Я цепляюсь за столбушок, не хочу на гостиницу. К папашеньке хочу… а он завтра в Москву ускачет, а меня будут муштровать, и не видать мне лошадок сереньких, и с Горкиным не отпустят…
Он сердится, топает на меня:
– Да что ж ты меня связал-то!.. В баню мне надо, а ты меня канителишь! Ну, коли так… сиди в лопухах, слепые те подхватят!..
Хочет меня покинуть. Я упрашиваю его: не покидай, выпроси, ради Христа, отпустили бы меня вместе ходить по богомолью… тогда пойду. Он обещается, показывает на блинные в овражке и сулится завтра сводить туда – кашничков и блинков поесть.
– Только не мудруй, выпрошу. Всю дорогу хорошо шел, радовался я на тебя… а тут – на? вон! Это тебя он смущает, от святого отводит.
Глаза у меня наплаканы, все глядят. Катят со звоном тройки и парами, везут со станции богомольцев, пылят на нас. Я прошу, чтобы нанял извощика, очень устали ножки. Он на меня кричит:
– Да ты что, сдурел?! Вон она, гостиница, отсюда видно… и извощика тебе нанимай?.. Улицу не пройдешь? Всю дорогу шел – ничего, а тут!.. Вон Преподобный глядит, как ты кобенишься…

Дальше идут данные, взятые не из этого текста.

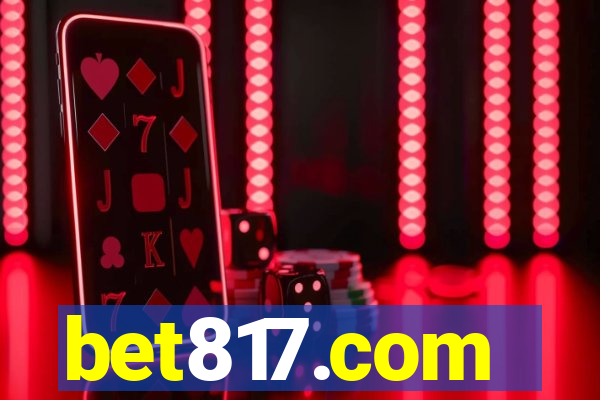 bet817.com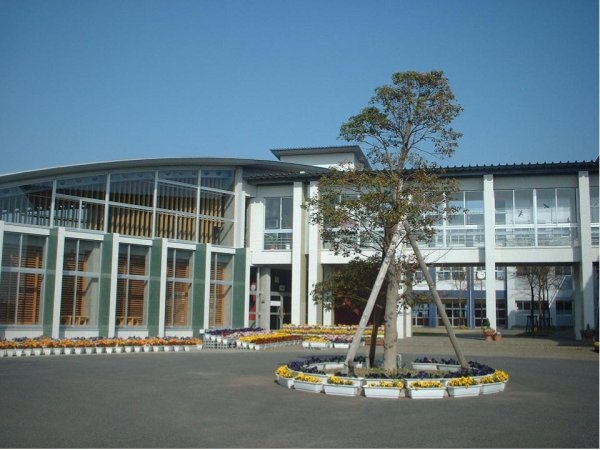 リーブルガーデン大洗町大貫町　2期　限定1棟！(大洗町立南中学校)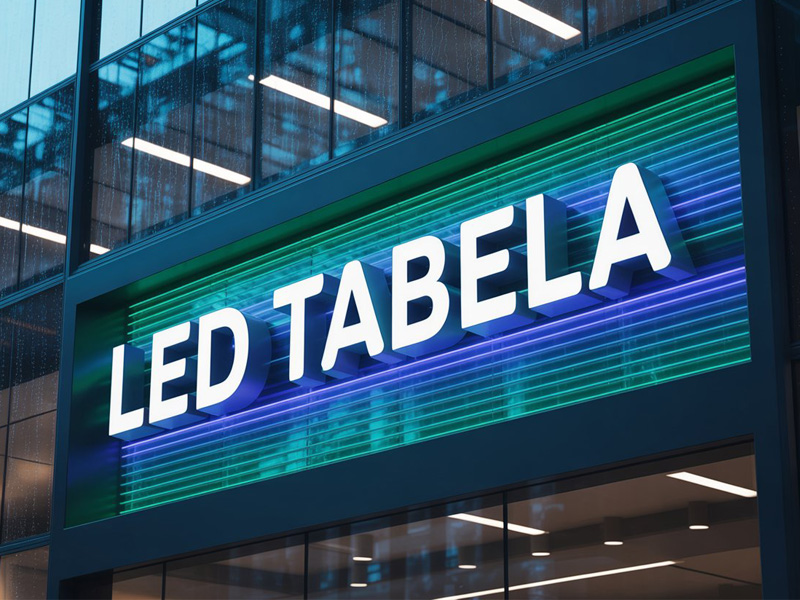 Van'da Tabela Seçerken Nelere Dikkat Edilmeli?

Смотрит на нас высокая колокольня-Троица. Я покорно иду за Горкиным. Жара, пыль, ноги едва идут. Вот широкая площадь, белое здание гостиницы. Все подкатывают со звоном троицкие извощики. А мы еще все плетемся – такая большая площадь. Мужики с кнутьями кричат нам:
– В Вифанию-то свезу!.. К Черниговской прикажите, купцы!..
Лошади нам мотают головами, позванивают золотыми глухарями[95]. От колясок чудесно пахнет – колесной мазью и кожами, деревней. Девчонки суют нам тарелки с земляникой, кошелки грибов березовых. Старичок гостинник, в белом подряснике и камилавке[96], ласково говорит, что у Преподобного плакать грех, и велит молодчику с полотенцем проводить нас «в золотые покои», где верховой из Москвы остановился.
93
Ду?ля – грушевое дерево.
94
Ка?шничек – блин из каши.
95
Глуха?рь – здесь: бубенчик, то есть колокольчик, закрытый снизу.
96
Камила?вка – головной убор православного священства, по форме похожий на цилиндр. Его имеют право носить только за особые заслуги.